Pour personnaliser la marinade, nous apprécions beaucoup l’ajout mesuré de cannelle (une demi-cuillère à café, comme en Catalogne française) ou de cacao en poudre non sucré, technique utilisée dans certaines recettes de Jura et relayée par Julie Andrieu. L’emploi d’une huile d’olive de bonne qualité, issue par exemple d’un producteur d’Andalousie ou de Provence, renforce la rondeur de la marinade. Nous suggérons d’adapter le temps de repos à la taille des morceaux : pour des cubes de 3 cm, 24 heures suffisent ; pour des pièces plus volumineuses, viser 36 à 48 heures offre un meilleur résultat sans dégrader la texture.
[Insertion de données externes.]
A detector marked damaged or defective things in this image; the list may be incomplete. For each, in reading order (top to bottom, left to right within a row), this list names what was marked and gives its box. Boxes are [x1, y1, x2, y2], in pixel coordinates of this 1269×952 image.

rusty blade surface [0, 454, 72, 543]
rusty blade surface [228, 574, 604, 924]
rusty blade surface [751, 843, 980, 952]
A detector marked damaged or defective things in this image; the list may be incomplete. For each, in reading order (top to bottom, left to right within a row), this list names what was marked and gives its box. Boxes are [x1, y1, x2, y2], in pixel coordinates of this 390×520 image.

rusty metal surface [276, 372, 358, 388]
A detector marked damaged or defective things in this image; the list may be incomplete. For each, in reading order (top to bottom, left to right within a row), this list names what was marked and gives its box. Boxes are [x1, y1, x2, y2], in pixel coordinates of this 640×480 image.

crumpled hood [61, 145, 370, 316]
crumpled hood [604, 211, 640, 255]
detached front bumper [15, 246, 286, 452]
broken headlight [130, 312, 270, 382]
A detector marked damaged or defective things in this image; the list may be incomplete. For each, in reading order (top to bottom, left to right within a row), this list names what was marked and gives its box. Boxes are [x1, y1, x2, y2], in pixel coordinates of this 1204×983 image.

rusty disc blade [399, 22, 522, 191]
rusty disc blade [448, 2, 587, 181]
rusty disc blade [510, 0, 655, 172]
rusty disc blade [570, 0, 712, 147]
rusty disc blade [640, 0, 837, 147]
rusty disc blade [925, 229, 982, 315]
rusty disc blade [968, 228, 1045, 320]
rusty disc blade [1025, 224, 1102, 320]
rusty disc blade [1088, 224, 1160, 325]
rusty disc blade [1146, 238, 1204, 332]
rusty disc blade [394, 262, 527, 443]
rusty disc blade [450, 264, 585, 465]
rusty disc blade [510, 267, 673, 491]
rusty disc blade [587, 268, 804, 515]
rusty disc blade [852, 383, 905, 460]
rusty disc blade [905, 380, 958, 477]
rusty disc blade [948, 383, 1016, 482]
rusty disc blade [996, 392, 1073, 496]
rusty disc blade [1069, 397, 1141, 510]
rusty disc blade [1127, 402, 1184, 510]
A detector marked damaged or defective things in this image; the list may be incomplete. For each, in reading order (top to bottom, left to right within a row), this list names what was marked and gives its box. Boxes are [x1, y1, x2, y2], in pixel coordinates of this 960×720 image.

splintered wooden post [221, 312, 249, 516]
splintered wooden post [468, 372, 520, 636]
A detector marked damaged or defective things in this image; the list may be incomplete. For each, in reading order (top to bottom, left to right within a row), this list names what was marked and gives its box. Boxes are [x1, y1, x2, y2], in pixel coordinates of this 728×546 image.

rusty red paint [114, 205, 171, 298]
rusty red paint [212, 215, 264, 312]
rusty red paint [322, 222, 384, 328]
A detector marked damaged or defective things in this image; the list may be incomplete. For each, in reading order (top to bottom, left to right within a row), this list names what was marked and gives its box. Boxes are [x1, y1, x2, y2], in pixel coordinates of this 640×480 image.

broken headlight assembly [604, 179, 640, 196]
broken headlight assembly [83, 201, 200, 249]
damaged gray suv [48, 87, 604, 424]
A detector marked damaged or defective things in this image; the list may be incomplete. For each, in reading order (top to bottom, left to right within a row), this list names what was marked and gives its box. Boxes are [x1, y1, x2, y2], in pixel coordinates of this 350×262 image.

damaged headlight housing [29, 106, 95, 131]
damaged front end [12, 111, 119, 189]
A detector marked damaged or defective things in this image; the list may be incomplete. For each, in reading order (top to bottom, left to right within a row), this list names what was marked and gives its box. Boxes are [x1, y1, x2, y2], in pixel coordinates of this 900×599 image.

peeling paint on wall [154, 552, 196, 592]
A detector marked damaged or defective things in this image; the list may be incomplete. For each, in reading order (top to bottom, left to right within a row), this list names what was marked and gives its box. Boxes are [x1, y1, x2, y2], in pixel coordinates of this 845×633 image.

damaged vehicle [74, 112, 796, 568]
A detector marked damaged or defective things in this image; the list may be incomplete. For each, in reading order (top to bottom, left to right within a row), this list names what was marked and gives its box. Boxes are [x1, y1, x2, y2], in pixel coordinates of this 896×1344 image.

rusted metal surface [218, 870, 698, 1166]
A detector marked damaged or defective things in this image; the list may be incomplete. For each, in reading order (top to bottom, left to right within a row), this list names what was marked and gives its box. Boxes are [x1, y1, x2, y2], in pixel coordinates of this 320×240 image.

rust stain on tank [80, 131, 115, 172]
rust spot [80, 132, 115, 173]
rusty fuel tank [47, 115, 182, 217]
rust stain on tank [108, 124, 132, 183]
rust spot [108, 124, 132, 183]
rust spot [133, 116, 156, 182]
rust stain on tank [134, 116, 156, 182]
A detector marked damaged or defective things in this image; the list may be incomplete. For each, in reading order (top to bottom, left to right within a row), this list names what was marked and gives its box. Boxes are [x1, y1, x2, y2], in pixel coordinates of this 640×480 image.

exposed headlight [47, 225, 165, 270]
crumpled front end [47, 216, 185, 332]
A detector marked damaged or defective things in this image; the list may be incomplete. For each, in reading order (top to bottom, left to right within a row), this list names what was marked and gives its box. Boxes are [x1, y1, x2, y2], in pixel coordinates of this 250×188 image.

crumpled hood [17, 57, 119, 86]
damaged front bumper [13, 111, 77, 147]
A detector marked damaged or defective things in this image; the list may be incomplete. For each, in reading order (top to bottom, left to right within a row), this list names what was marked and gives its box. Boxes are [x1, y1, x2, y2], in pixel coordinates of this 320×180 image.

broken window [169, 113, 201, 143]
La cuisson du civet de sanglier : techniques et astuces #
Après la marinade, la clé réside dans une cuisson lente et régulière. La plupart des recettes professionnelles, comme celles publiées par des maisons gastronomiques en Bourgogne ou dans le Périgord, s’accordent sur une plage de 2 à 5 heures selon la taille des morceaux et la tendreté de la viande. Le schéma type consiste à égoutter la viande, la sécher soigneusement, puis à la saisir à feu vif dans un mélange huile d’olive / beurre pour caraméliser les sucs. On fait ensuite revenir la garniture aromatique de la marinade, on saupoudre de farine ou de fécule, et l’on déglace avec le vin filtré de la marinade ou un alcool complémentaire.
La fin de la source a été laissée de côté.